Faktor figur dalam pilkada
Dalam pilkada langsung factor figur
sangat signifikan. Factor figur memainkan peranan penting dalam mendulang
suara. Begitu sentralnya factor figur sehingga tokoh-tokoh yang menganggap
dirinya popular kerap mencalonkan diri sebagai kandidat dalam pilkada.
Sementara bagi mereka yang belum terkenal harus berusaha mensosialisasikan
dirinya ke public lewat berbagai sarana, baik melalui iklan di media massa,
media elektronik, maupun memasang spanduk ditempat strategis.
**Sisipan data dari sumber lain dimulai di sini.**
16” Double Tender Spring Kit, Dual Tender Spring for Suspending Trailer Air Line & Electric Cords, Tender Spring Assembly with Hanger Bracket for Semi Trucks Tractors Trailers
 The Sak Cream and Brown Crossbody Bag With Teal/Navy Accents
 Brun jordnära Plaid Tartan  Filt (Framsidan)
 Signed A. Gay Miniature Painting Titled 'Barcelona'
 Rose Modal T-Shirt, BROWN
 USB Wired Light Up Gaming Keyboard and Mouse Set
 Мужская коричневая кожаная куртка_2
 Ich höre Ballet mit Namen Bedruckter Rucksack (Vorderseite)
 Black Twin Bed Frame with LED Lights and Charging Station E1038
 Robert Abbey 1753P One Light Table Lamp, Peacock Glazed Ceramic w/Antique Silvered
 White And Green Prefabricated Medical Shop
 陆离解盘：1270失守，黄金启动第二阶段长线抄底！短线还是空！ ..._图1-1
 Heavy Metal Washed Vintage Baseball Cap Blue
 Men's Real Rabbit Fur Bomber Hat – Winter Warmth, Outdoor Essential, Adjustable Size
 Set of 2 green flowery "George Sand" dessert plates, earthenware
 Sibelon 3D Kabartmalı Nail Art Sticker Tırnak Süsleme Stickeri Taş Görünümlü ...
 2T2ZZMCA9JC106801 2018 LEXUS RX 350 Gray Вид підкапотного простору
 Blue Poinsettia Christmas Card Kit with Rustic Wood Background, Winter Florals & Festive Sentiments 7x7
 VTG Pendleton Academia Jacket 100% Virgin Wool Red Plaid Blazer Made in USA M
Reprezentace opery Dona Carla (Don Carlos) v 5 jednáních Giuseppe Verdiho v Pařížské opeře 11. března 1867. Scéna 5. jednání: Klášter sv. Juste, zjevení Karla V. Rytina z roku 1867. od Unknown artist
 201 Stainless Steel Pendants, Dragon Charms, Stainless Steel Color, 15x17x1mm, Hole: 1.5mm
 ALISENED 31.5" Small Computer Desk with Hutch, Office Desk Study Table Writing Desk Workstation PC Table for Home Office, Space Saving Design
Partai politik
yang mengusung kandidat salah satu pertimbangannya untuk mencalonkan seseorang
juga melihat pada figur yang dicalonkan popular atau tidak dikalangan
masyarakat.[3]
Kecenderungan konflik
Syamsudin
haris mengatakan paling tidak ada 3 faktor sumber konflik potensial, baik
menjelang, saat penyelenggaraan, maupun pengumuman hasil pilkada, yaitu :
1. Konflik
yang bersumber dari mobilisasi politik atas nama etnik, agama, daerah dan
darah.
2. Konflik
yang bersumber dari kampanye negatif antar pasangan calon kepala daerah.
3. Konflik
yang bersumber pada manipulasi dan kecurangan penghitungan suara hasil pilkada.
Sengketa hasil pilkada
Setelah ada revisi terbatas atas UU
no. 34 tahun 2004, masalah sengketa hasil pilkada ada pada mahkamah konstitusi
(MK). Dalam pasal 236C menyebutkan bahwa MK berwenang penanganan sengketa hasil
penghitungan suara pemilihan kepala daerah dari MA dialihkan kepada mahakamah
konstitusi. Dengan adanya perubahan tersebut sesuai dengan tugas dan
kewenangannya. Pasal 10 ayat (1) d UU no. 24 tahun 2003 tentang mahkamah
konstitusi menyebutkan bahwa MK berwenang memutus perselisihan tentang hasil
pemilihan umum. Pilkada merupakan bagian dari pemilihan umum, makan menjadi
tugas MK untuk menangani masalah sengketa hasil pilkada.